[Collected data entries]
▼▼▼
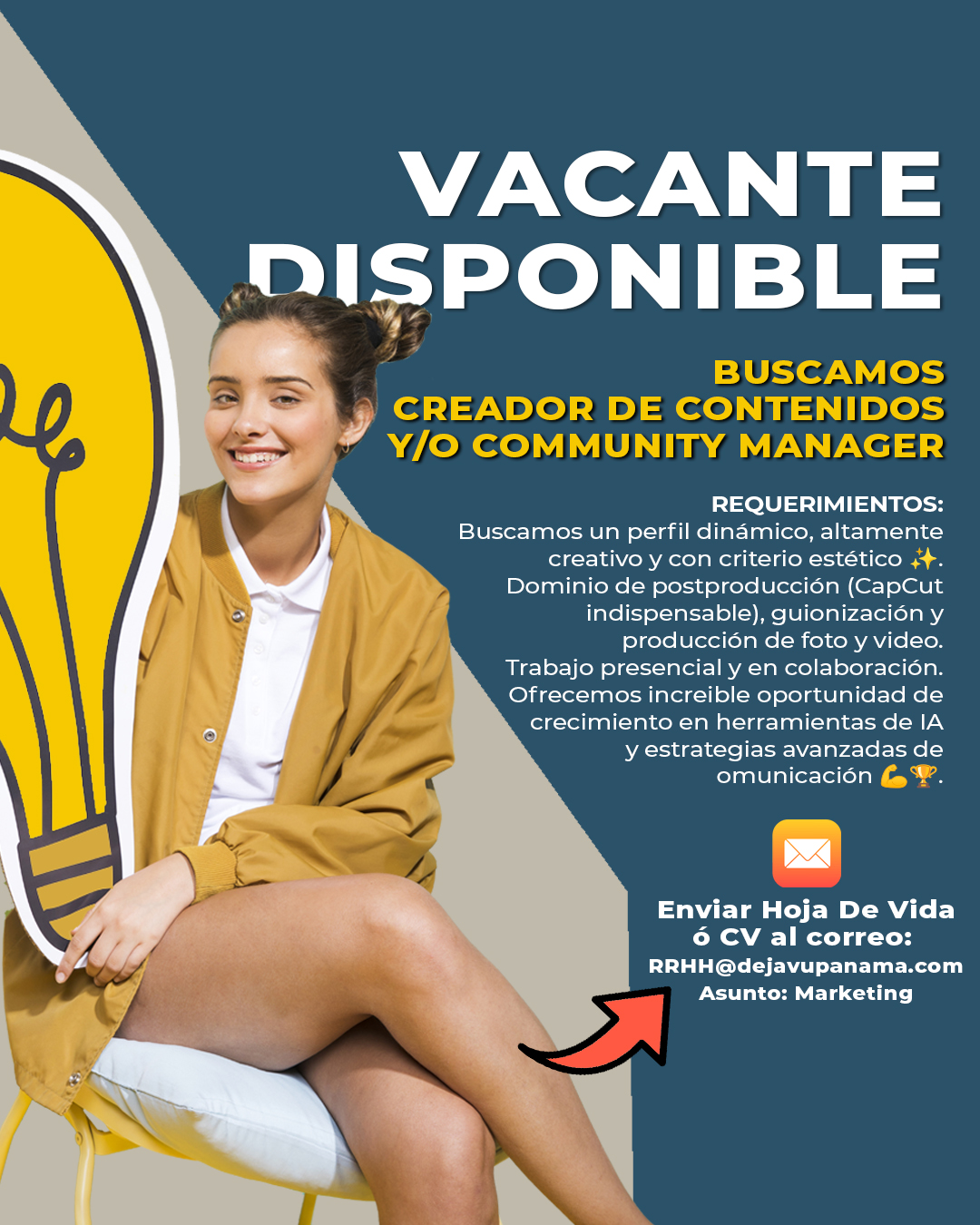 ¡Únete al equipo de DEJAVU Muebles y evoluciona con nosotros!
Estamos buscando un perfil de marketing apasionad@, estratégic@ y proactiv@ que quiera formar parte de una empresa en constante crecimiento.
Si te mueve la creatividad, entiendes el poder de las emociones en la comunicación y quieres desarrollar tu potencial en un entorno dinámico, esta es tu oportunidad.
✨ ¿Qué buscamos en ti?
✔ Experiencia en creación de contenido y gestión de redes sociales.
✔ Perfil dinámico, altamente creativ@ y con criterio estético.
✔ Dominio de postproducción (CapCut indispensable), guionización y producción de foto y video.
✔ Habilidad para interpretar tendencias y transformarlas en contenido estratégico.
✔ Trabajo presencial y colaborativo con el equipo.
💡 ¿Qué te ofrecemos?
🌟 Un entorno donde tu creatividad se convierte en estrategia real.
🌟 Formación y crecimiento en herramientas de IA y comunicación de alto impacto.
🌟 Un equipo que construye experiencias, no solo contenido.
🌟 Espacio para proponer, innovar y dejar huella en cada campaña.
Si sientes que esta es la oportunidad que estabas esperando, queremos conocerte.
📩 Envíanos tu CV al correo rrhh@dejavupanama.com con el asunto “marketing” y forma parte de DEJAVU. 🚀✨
▲▲▲
Keep only the lines from the one containing "de redes sociales." to the end of the entries, and repeat them exactly.

✔ Experiencia en creación de contenido y gestión de redes sociales.
✔ Perfil dinámico, altamente creativ@ y con criterio estético.
✔ Dominio de postproducción (CapCut indispensable), guionización y producción de foto y video.
✔ Habilidad para interpretar tendencias y transformarlas en contenido estratégico.
✔ Trabajo presencial y colaborativo con el equipo.
💡 ¿Qué te ofrecemos?
🌟 Un entorno donde tu creatividad se convierte en estrategia real.
🌟 Formación y crecimiento en herramientas de IA y comunicación de alto impacto.
🌟 Un equipo que construye experiencias, no solo contenido.
🌟 Espacio para proponer, innovar y dejar huella en cada campaña.
Si sientes que esta es la oportunidad que estabas esperando, queremos conocerte.
📩 Envíanos tu CV al correo rrhh@dejavupanama.com con el asunto “marketing” y forma parte de DEJAVU. 🚀✨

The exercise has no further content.